Иногда наши драматурги пишут пьесы ни о чем. Просто, чтобы человеку было смешно. Да, человек смеется до коликов в животе, но после того как выходит из театра, все выветривается. Я против таких спектаклей. Театр должен хоть что-то «капнуть» в голову человека.
– Кто вас знает давно, считают вас терпеливым человеком. Посмотрев, как вы повторяете одну и ту же фразу по 10 раз на репетиции, я в этом убедился. Где источник терпения?
– Если делать дело, то нужно делать серьезно – я так считаю. Театр – это очень серьезно. На этом пустом пространстве, называемой сценой, нужно родить абсолютно новую жизнь, реальность отличную от нашей. И все должно быть правдой, если будет фальшь, зритель не поверит. Все в театре должно быть логично. Если я берусь за спектакль, я знаю, какой это будет жанр, вижу конечную цель…
– Что такое счастье в вашем понимании?
– Есть, наверное, общее понятие, чтобы не было войны, например, вот вы можете представить, что Уфу разбомбили? А ведь такое происходит сейчас. Лично для меня счастье – работать в свое удовольствие. Если я не получу удовлетворение, то никто не получит. Ведь мы с актерами и зрителями связанные сосуды, от них перетекает мне и наоборот. Для меня сейчас еще важно здоровье.
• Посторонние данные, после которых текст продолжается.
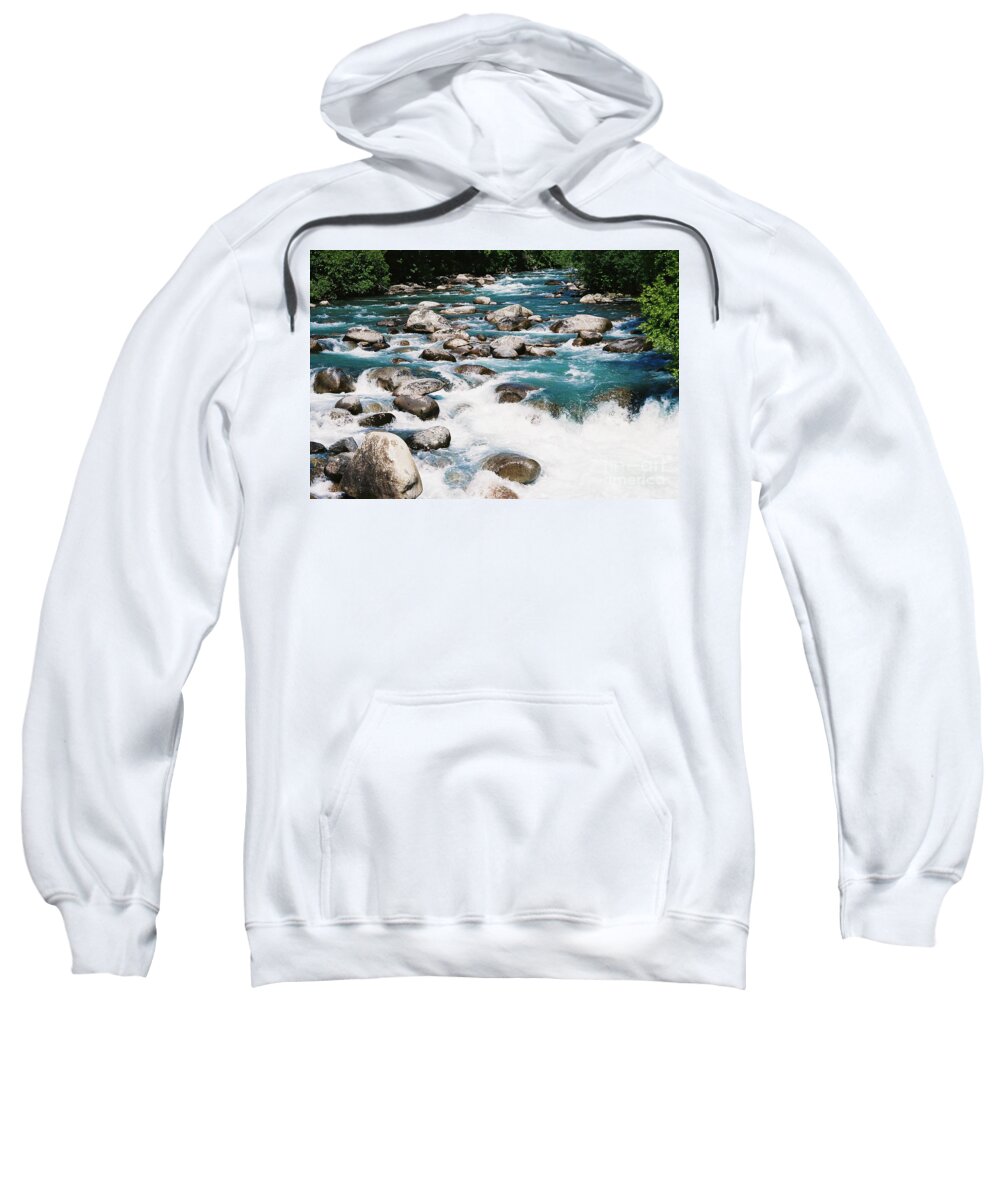 River Sweatshirt featuring the photograph River Rapids Little Susitna Alaska by Kimberly Blom-Roemer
Потому что театр – это очень изнурительный труд.
– Как вы считаете, необходима ли врожденная харизма актеру? Как сделать так, чтобы тебя полюбил зритель?
– Я все-таки придерживаюсь более профессионального отношения к такому явлению как харизма, у нас принято это называть врожденной органикой, то есть умение человека-актера органично (естественно) существовать в предлагаемых обстоятельствах и событиях, данных драматургом и режиссером. Если это есть у актера, то это его половина успеха, а вторая половина уже труд. Если у кого-то этого меньше, то это можно постепенно в себе выработать, не отчаиваться, упорно трудиться. Над этим я и работаю с актерами.
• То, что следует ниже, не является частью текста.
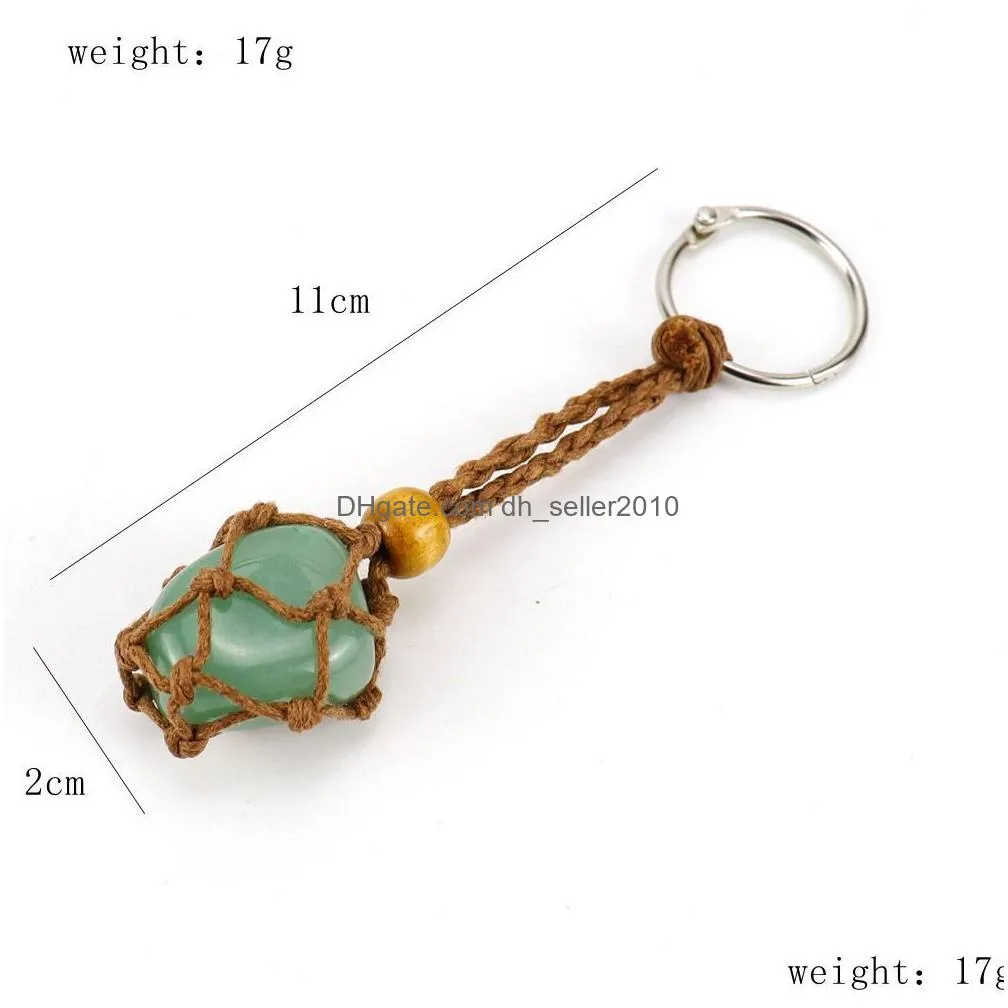 natural stone brown wax rope keychain keyring amethyst rose quartz crystal healing stone net bag key ring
– В послевоенные годы моя бабушка, которая училась тогда в младших классах, пришла на школьный спектакль, где играла ее сестра в главной роли. В конце постановки главная героиня погибает. Моя бабушка выбегает на сцену с криками «не умирай, не умирай». В общем, спектакль был сорван. Бывают ли у вас подобные эмоциональные зрители в театре?
– Этот ребенок абсолютно поверил. Здорово! А знаете, бывают такие взрослые, наивные зрители, приходят иногда, начинают ругать злых персонажей (смеется). Отчасти хвала конечно театру за то, что они верят. Смешных ситуаций, конечно, было много.
– Не делай зла людям. И не нужно вмешиваться в чужую жизнь Я хоть и ввиду своей профессии, должен быть открытым, но очень не люблю, когда бесцеремонно вмешиваются в твою жизнь. У каждого человека должна быть своя территория, где он один, где ему комфортно – не надо там человека беспокоить. Я умею ждать, когда это связанно с моей работой. Как ты отметил, что я сколько раз одно и то же повторяю, чтобы актер понял смысл фразы, то есть внутренние мотивы. Всегда есть внешняя жизнь и внутренняя, для меня главное внутренняя. Чтобы все было оправдано, чтобы все было правдой. Тут режиссеру нельзя торопиться. Актер сразу все сделать не может, ему нужно время. Нужно уметь ждать и верить в то, что все будет хорошо.